BEGIN
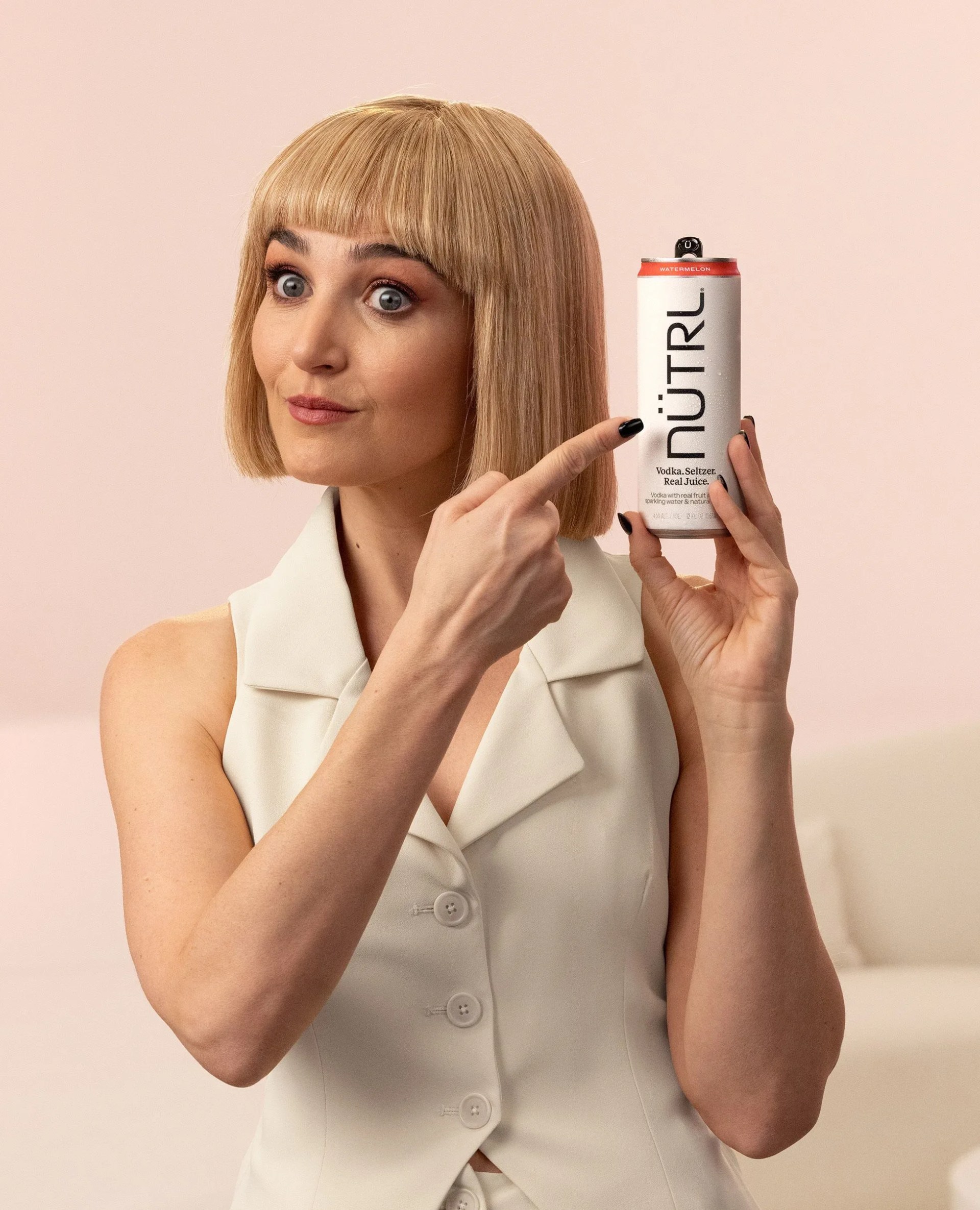 chloe fineman with a nutrl vodka can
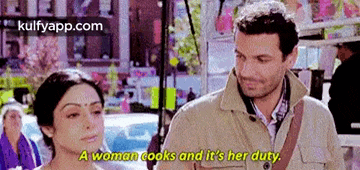 a man and a woman are standing next to each other and the woman is saying a woman cooks and it 's her duty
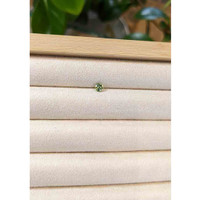 0.43 Ct. Greenish Yellow Sapphire from Madagascar Life Style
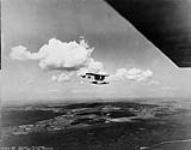 [Fairchild FC2W aircraft G-CYXP of the R.C.A.F. over Lake of Two Mountains, P.Q. Taken 1928-1935.] 1928-1935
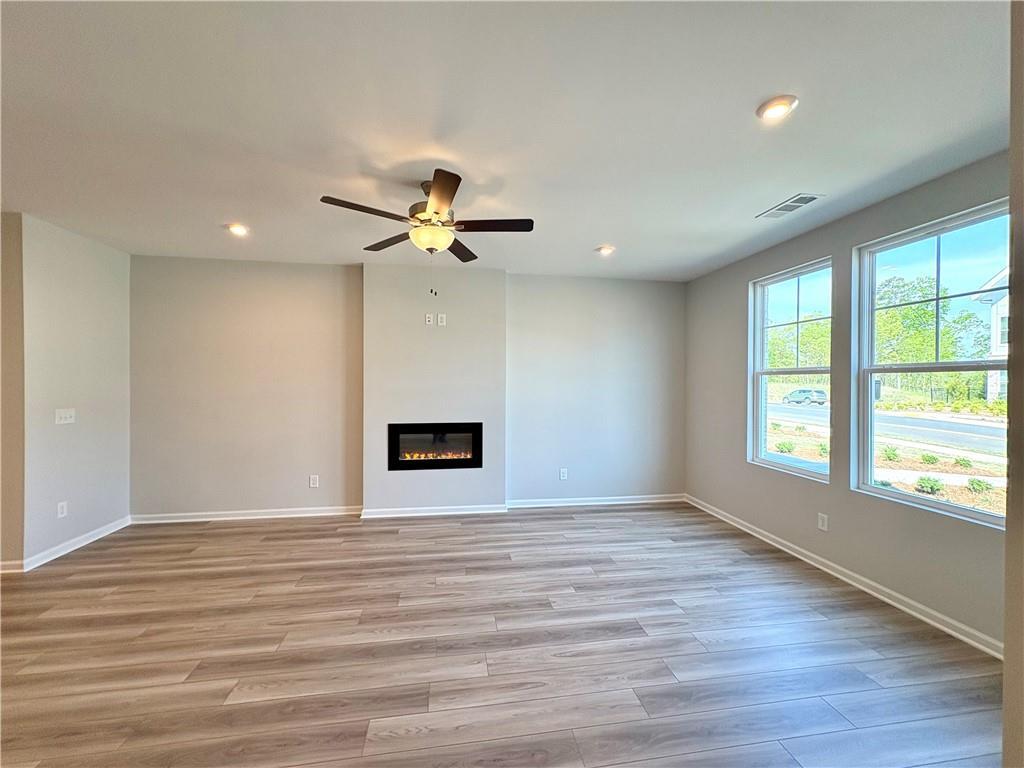 Spacious living room with modern gas fireplace, ceiling fan, hardwood floors, and large windows in Davidson Homes The Monroe A, Emerson, GA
END
▶ **Description of the task**:
The lines to retype begin with the one containing "a man and a" and end with the last line of the records. Reproduce them exactly and omit the pictures.

▶ **Answer to this problem**:
 a man and a woman are standing next to each other and the woman is saying a woman cooks and it 's her duty
 0.43 Ct. Greenish Yellow Sapphire from Madagascar Life Style
 [Fairchild FC2W aircraft G-CYXP of the R.C.A.F. over Lake of Two Mountains, P.Q. Taken 1928-1935.] 1928-1935
 Spacious living room with modern gas fireplace, ceiling fan, hardwood floors, and large windows in Davidson Homes The Monroe A, Emerson, GA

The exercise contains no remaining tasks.